Starting an investigation

{
  "step": "Examining the WebSocket connection lifecycle and timeout configuration",
  "step_number": 1,
  "total_steps": 3,
  "next_step_required": true,
  "findings": "The WebSocket server uses default timeout settings. No explicit keepalive is configured.",
  "confidence": "exploring",
  "problem_context": "WebSocket connections consistently drop after 60 seconds in production but work fine locally",
  "hypothesis": "A reverse proxy or load balancer is enforcing a 60-second idle timeout",
  "focus_areas": ["infrastructure config", "proxy settings", "keepalive mechanisms"],
  "files_checked": ["src/server/websocket.ts"]
}

Mid-investigation with growing confidence

{
  "step": "Checking nginx and load balancer configuration for timeout settings",
  "step_number": 2,
  "total_steps": 3,
  "next_step_required": true,
  "findings": "Found nginx proxy_read_timeout set to 60s in the production config. Local dev bypasses nginx entirely.",
  "confidence": "high",
  "hypothesis": "nginx proxy_read_timeout of 60s is killing idle WebSocket connections",
  "relevant_files": ["infra/nginx/production.conf"],
  "issues_found": [
    {
      "description": "nginx proxy_read_timeout is 60s with no WebSocket-specific override",
      "severity": "high"
    }
  ],
  "continuation_id": "prev-thinkdeep-id"
}

Final step triggering expert validation

{
  "step": "Confirming fix approach: add proxy_read_timeout override and WebSocket keepalive",
  "step_number": 3,
  "total_steps": 3,
  "next_step_required": false,
  "findings": "Root cause confirmed: nginx 60s proxy_read_timeout. Fix requires both nginx config change and application-level WebSocket ping/pong keepalive at 30s intervals.",
  "confidence": "almost_certain",
  "relevant_files": ["infra/nginx/production.conf", "src/server/websocket.ts"],
  "relevant_context": ["WebSocketServer.handleUpgrade", "nginx proxy_read_timeout directive"],
  "continuation_id": "prev-thinkdeep-id"
}

Disabling expert validation

{
  "step": "Final assessment of the caching layer architecture",
  "step_number": 2,
  "total_steps": 2,
  "next_step_required": false,
  "findings": "The caching layer is well-structured with clear invalidation paths.",
  "confidence": "high",
  "use_assistant_model": false
}

Best Practices

  • Start with a clear hypothesis – even a rough theory gives the investigation direction. You can revise it as evidence comes in.
  • Be honest about confidence – start at exploring and let it grow naturally. Jumping to certain too early masks uncertainty.
  • Use problem_context on the first step – give full background upfront so every subsequent step has context.
  • Track files systematically – use files_checked for everything you looked at and relevant_files for what actually mattered. This helps the expert validator.
  • Structure issues properly – use issues_found with severity levels rather than burying problems in free-text findings.
  • Don’t pad steps – if you can answer in 2 steps, set total_steps: 2. The tool supports revising the total, but don’t create busywork steps.
  • Let the expert validate – keep use_assistant_model: true (the default) for important investigations. The independent review catches blind spots.
  • Use continuation for long investigations – if you need to pause and resume, pass the continuation_id to maintain investigation context.
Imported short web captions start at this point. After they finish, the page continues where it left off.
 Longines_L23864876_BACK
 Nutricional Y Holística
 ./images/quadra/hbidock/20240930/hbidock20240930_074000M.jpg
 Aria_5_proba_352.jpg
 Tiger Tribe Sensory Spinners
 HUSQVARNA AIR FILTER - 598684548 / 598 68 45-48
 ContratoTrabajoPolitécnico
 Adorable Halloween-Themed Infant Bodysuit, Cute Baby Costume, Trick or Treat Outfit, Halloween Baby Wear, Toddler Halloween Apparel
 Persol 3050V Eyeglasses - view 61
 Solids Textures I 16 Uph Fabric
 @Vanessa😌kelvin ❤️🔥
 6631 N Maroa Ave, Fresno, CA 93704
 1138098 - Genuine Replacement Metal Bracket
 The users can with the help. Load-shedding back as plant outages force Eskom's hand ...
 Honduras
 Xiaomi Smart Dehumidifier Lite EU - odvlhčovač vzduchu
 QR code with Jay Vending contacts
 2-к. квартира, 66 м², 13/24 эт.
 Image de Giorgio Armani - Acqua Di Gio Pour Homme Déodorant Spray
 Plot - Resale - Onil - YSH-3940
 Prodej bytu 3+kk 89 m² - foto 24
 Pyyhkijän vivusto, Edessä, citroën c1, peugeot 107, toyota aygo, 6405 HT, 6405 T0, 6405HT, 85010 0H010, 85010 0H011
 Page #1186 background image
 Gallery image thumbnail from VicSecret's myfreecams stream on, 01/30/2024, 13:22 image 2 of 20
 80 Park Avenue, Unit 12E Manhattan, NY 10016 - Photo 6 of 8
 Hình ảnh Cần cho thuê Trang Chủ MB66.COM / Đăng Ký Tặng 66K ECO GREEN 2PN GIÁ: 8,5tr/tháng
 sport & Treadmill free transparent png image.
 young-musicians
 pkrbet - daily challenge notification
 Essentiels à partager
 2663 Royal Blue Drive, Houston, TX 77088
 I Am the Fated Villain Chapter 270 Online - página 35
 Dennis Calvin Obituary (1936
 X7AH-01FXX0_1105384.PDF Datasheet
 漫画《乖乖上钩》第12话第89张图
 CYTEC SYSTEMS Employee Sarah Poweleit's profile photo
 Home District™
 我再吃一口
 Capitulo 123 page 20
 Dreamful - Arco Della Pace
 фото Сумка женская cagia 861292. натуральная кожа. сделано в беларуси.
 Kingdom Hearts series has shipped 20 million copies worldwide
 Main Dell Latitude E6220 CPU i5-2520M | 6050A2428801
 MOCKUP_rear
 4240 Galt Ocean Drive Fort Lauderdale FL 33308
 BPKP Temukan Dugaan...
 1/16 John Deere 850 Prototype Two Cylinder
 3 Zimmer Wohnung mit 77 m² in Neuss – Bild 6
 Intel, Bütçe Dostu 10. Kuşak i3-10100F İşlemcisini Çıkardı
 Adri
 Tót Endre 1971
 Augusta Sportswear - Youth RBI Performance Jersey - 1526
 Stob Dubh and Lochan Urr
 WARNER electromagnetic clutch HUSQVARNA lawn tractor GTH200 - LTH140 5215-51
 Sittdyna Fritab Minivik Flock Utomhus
When to Use vs Other Tools

Scenario Use Why
Quick question or brainstorm chat No need for structured investigation
Deep multi-step analysis thinkdeep Structured workflow with expert validation
Understanding code structure analyze Purpose-built for codebase analysis
Debugging a specific error debug Specialized error tracing workflow
Architectural decision thinkdeep Complex tradeoff analysis benefits from structured steps
Security investigation secaudit Dedicated security-focused analysis
Simple code explanation chat Single-pass is faster for straightforward questions

ThinkDeep is your tool for problems that resist simple answers. Use it when you need to build a case step by step, test hypotheses against evidence, and get independent expert validation of your conclusions.